Transition sinon idéale, en tout cas complémentaire pour introduire le deuxième film de Vincenzo Natali, Cypher (2002) ou comment après un premier long métrage prometteur, son auteur frise le ridicule à vouloir trop se prendre au sérieux.

Cypher ou les affres du terne Morgan Sullivan (Jeremy Northam), petit comptable de banlieue au chômage qui décide du jour au lendemain de pimenter sa vie en travaillant pour la Digicorp en tant qu'espion industriel [3]. Contre l'avis de sa chère et tendre castratrice, celle-ci lui offrant sur un plateau un poste gratifiant au sein de l'entreprise familiale, notre représentant en morne séduction s'émancipe en empruntant l'identité factice d'un certain Jack Thursby avec pour mission d'infiltrer différentes conventions.

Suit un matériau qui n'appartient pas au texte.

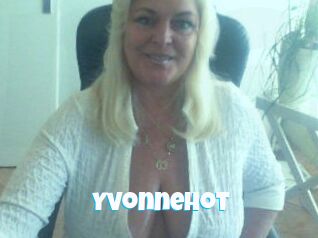 Yvonnehot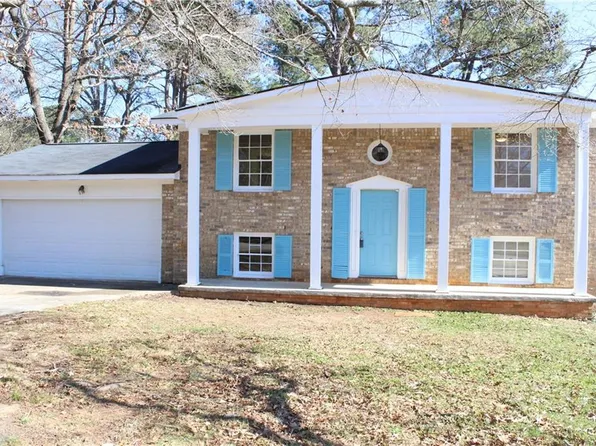 3733 Milliken Ct, Decatur, GA 30034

Cette nouvelle vie exaltante lui offre la possibilité de faire briller sa nouvelle personnalité de ville en ville, d'hôtel en hôtel, de congrès en congrès, faisant l'admiration de tous les VRP qui croisent son inexpressif charisme chatoyant. Mais chaque médaille a son revers, et si Sullivan fuit lâchement ses obligations matrimoniales, le premier souci de notre espion reste celui d'être hanté par de multiples cauchemars et des maux de tête de plus en plus persistants. Un soir, Sullivan rencontre la dénommée Rita (Lucy Liu), une demoiselle au service du non moins mystérieux Sebastian Rooks qui très rapidement va lui faire découvrir les véritables desseins de Digicorp...

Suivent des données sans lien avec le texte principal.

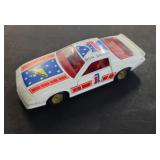 Vintage matchbox car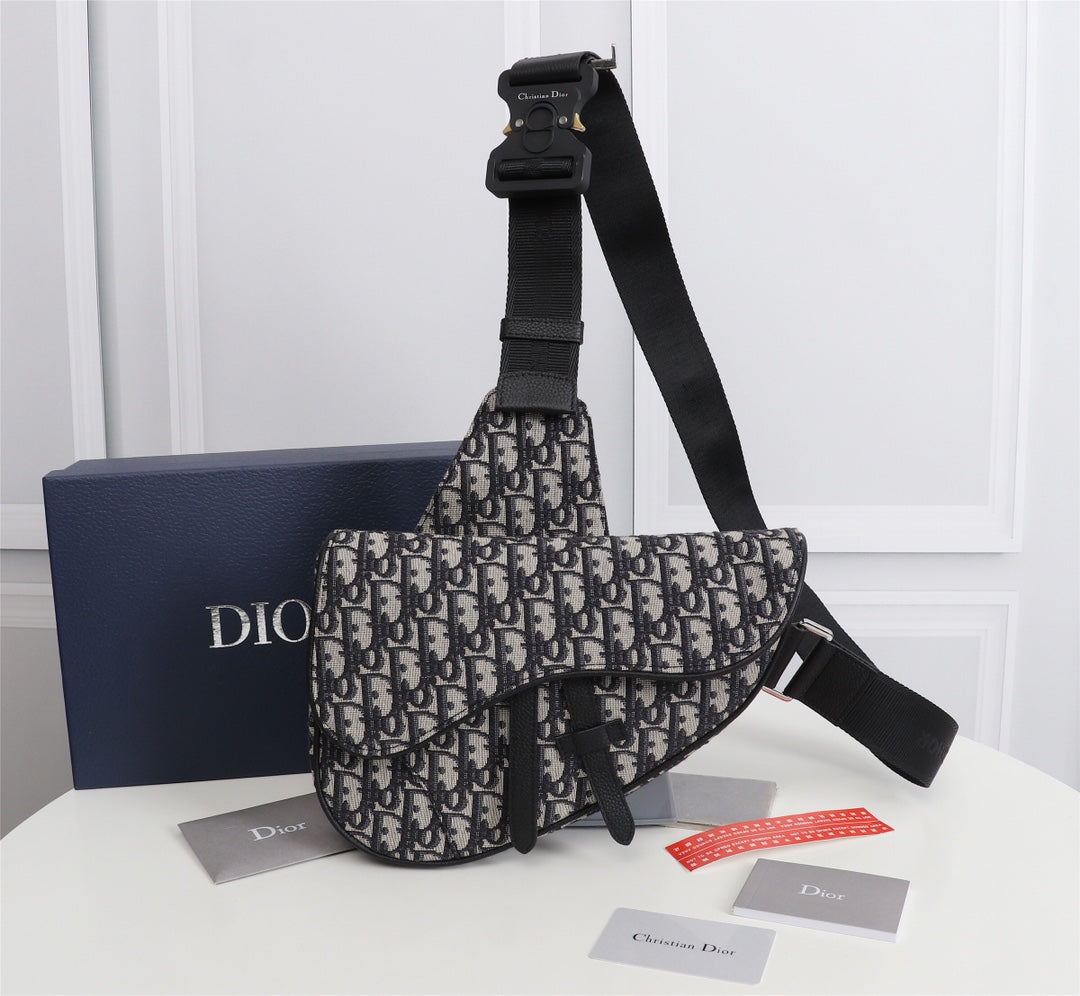 Free shipping LuxluxHouse Dior Top Bag 20*28.6*5cm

En dépit du fait que le scénario n'apporte pas une once d'originalité, et encore moins un recul salutaire (et nécessaire) permettant de faire avaler un peu mieux cette déconvenue (un antihéros falot guidé par une belle mystérieuse devient, bien malgré lui, le personnage principal d'une intrigue faussement complexe), le film pouvait donner lieu à un thriller futuriste potentiellement intéressant. Las. Si son traitement évite l'erreur de la narration brouillonne, Cypher n'en reste pas moins raté, handicapé par un rythme lent où le suspense n'a pas sa place, une esthétique proche du téléfilm, et, pire, par des situations à la limite du grotesque, où l'on en vient à s'interroger si le plus boiteux dans l'histoire n'est pas l'interprétation de Jeremy Northam, sa présence enfonçant encore un peu plus le film dans le risible [4]. Paradoxalement, il aurait sans doute été plus judicieux de s'inspirer davantage du personnage de Sam Lowry (Brazil), quitte à faire du sous-Gilliam... [5].

Le deuxième long métrage de Natali s'adresserait alors avant tout à un public, dénué d'humour, attiré par les retournements de situation éculés, et les faux semblants tellement réchauffés que le twist final en devient d'une prévisibilité stupéfiante ? A la différence de Sapochnik qui pourrait être taxé par les plus virulents d'escroc, celui-ci copiant sans vergogne les plans de ses pairs, le réalisateur de Cube joue, quant à lui, la carte de la boursouflure niaise. A chacun son camp.

En somme, Cypher ne serait-il pas qu'un hommage à K. Dick mis en scène par un NERD de quinze ans d'âge mental ? Pas loin. Cependant, la conclusion de ce condensé de prétention adulescente [6] tend vers un nouveau genre, le film d'anticipation fleur bleue. Dont acte.



A l'heure du bilan, les deux films critiqués à des degrés divers plombent l'idée que l'on peut se faire d'une retranscription cinématographique réussie de l'univers de K. Dick. Fort heureusement, il existe encore quelques exceptions, à l'image de Sleep Dealer (2008) du mexicain Alex Rivera.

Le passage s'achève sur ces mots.